> Action item
When a picture appears in the listing, leave it out and copy the rest exactly as it stands.
BEGIN Data section
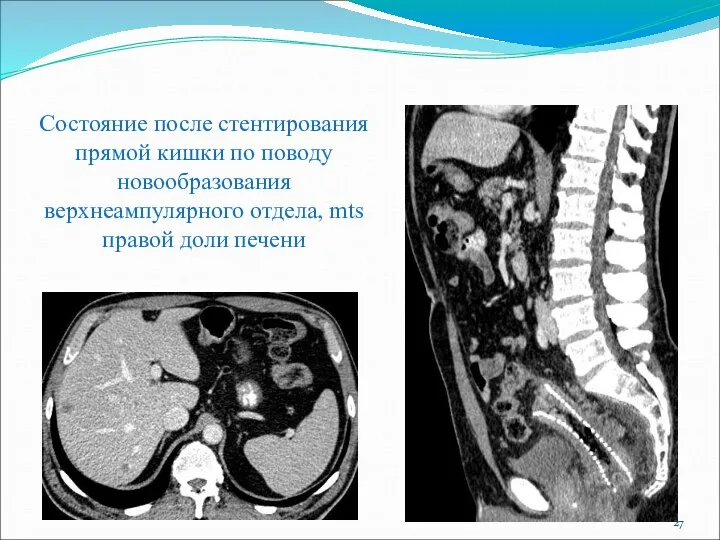 Состояние после стентирования прямой кишки по поводу новообразования верхнеампулярного отдела, mts правой доли печени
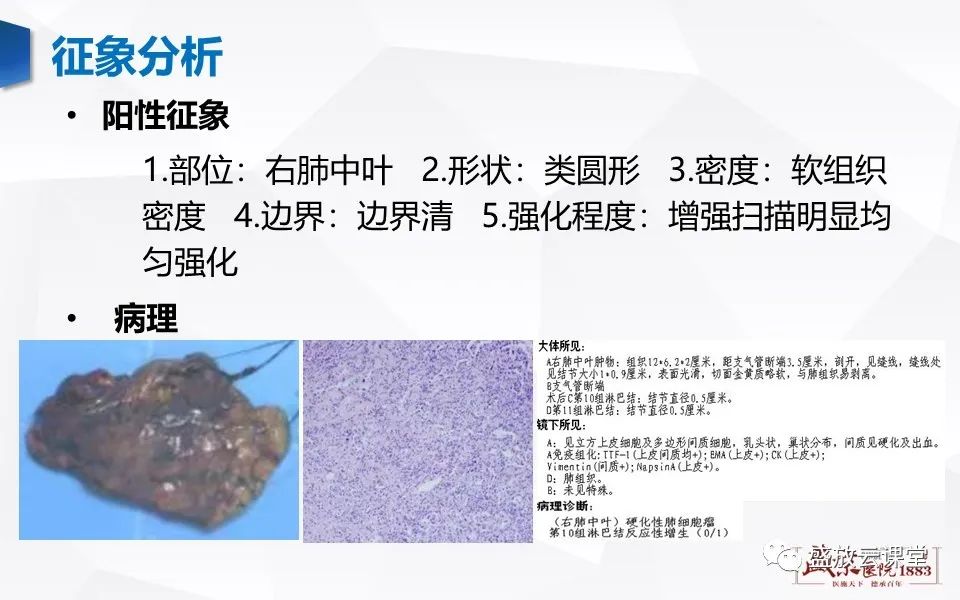 影像PPT - 【病例】肺错构瘤 VS 肺硬化性血管瘤-22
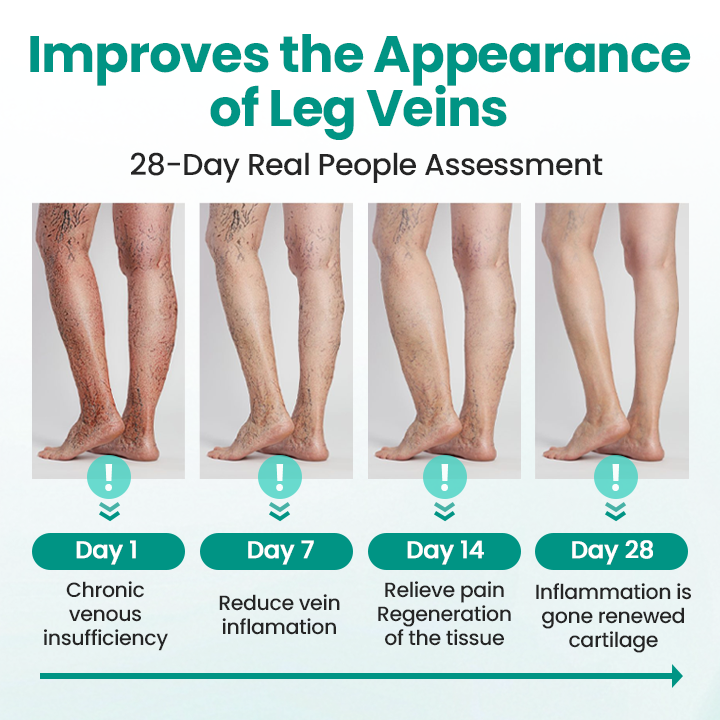Timilk® LegRenew Varicose Veins Patch(A)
END Data section
> Exercise output
 Состояние после стентирования прямой кишки по поводу новообразования верхнеампулярного отдела, mts правой доли печени
 影像PPT - 【病例】肺错构瘤 VS 肺硬化性血管瘤-22
Timilk® LegRenew Varicose Veins Patch(A)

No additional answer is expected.